A new confidence rose up in my heart, a realization that my life was set on a new course now. Even though I had no idea where it would take me, this idea of living my life with transparency, authenticity…this was an exciting new proposition. Suddenly, long-forgotten verses from the Bible came flooding to mind with new meaning…

“To gain your life, you must lose it.”

“My power is made perfect in your weakness.”

I made the rest of the trip up the mountain with a hope-filled heart so grateful it overcame the fear that had engulfed me.  I felt a shield around it that was impenetrable. That night, God met me in my very deepest despair and gave me a new heart, not of stone, but of flesh…and now protected by bulletproof glass. It was a new beginning with a new way to live life, a path away from the brokenness and heartbreak into a life of transparency, authenticity, a new-found freedom to be who God made me.

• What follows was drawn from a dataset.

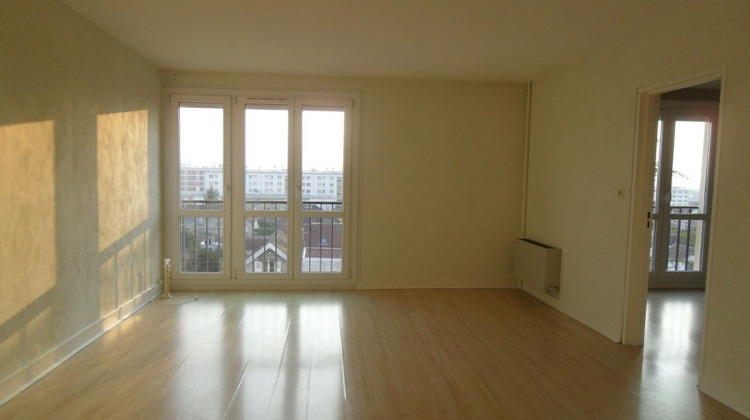 Ma-Cabane - Location Appartement Troyes, 49 m²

Here’s what I can tell you about my experience.  I used to be mastered by addictions and lived a duplicitous life to cover my actions.  I lied perpetually, manipulated, deceived others, especially ones I loved and valued, in order to satisfy my own selfish desires. My marriage was on the brink of ruin.  I lost everything financially.  I compromised my health.  I broke trust with almost everyone I cared for.  I destroyed my reputation.  I lost valuable friendships.  I had legal troubles.  Life was so dark for me that I reached a point where I contemplated death and even hoped for it.  I can’t imagine life being any darker.

Because I was willing to trust God enough to finally tell the truth, I was set free.  Because I was willing to risk my heart by being completely vulnerable – to LOSE my life, I was GIVEN life back.  Because I was willing to finally die to myself, my own strategies, my own striving and become WEAK, God showed his power in me.  It is a fascinating experience of opposites that God calls us into to experience his power and glory.

For me, this was the beginning of God’s redemptive journey – from being completely BROKEN…to Bulletproof.